By letter dated March 4, 1993, the tenant requested withdrawal of
her complaint. The owner, in a letter dated March 25, 1993,
opposed the tenant's withdrawal request.
Following confirmation of the tenant's instructions, the DHCR
granted the tenant's request, and terminated the proceeding based
on the tenant's withdrawal on April 15, 1993.
In this petition for administrative review, the owner asserts,
among other things, that the order terminating the proceeding was
inappropriate following "joinder", that under Section 3217 of the
Civil Practice Law and Rules, (CPLR) once an answer to a complaint
has been interposed, a discontinuance may only be obtained by a
stipulation between the parties, or by leave of court; and that the
Administrator's order was prejudicial, since, among other things,
it denied the owner the benefit of a DHCR determination which,
being a fair market rent appeal, would not carry a potential treble
damages penalty.

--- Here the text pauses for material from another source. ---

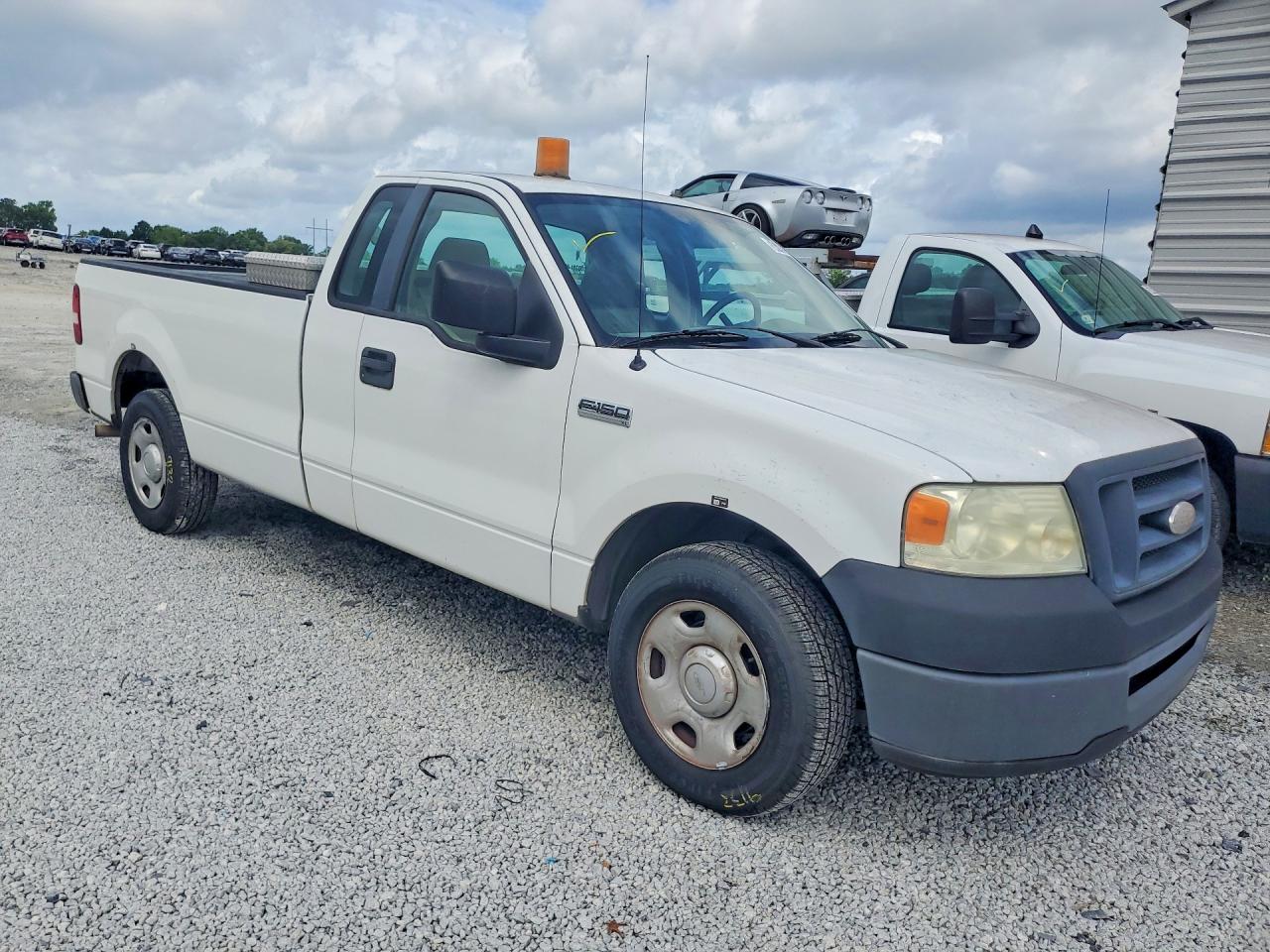 2008 Ford F150 Xl White vin: 1FTRF12298KD52519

The owner contends that the tenant is merely
forum-shopping in wishing to pursue her counter-claim of rent
overcharges in a non-payment proceeding instituted against the
tenant by the owner, and states that the DHCR is the proper forum
to adjudicate this proceeding.
The tenant, in response to the owner's PAR, submitted a photocopy
of one of the documents she submitted in the Court proceeding, in
which she asserts, among other things, that the Court has
concurrent jurisdiction with the DHCR.
The Commissioner is of the opinion that the owner's petition for
administrative review should be denied, and that the order of the
Administrator should be affirmed.
Regarding the CPLR Section cited by the owner, the Commissioner
notes that, whereas the CPLR governs court proceedings, the State
Administrative Procedure Act (SAPA) governs administrative
proceedings such as the instant case. Section 117 of SAPA states,
in pertinent part, that whether by provision of statute or by
judicial decision, it is a general rule that, even in the exercise
of judicial or quasi-judicial powers, administrative agencies are
not bound by the technical or formal rules of procedure which
govern trials before a Court.
DHCR policy generally allows tenants to withdraw pending complaints
prior to issuance of an order by the Administrator. An Owner may
not compel the DHCR to render a determination on the merits of a
complaint filed by a tenant which the tenant wishes to withdraw.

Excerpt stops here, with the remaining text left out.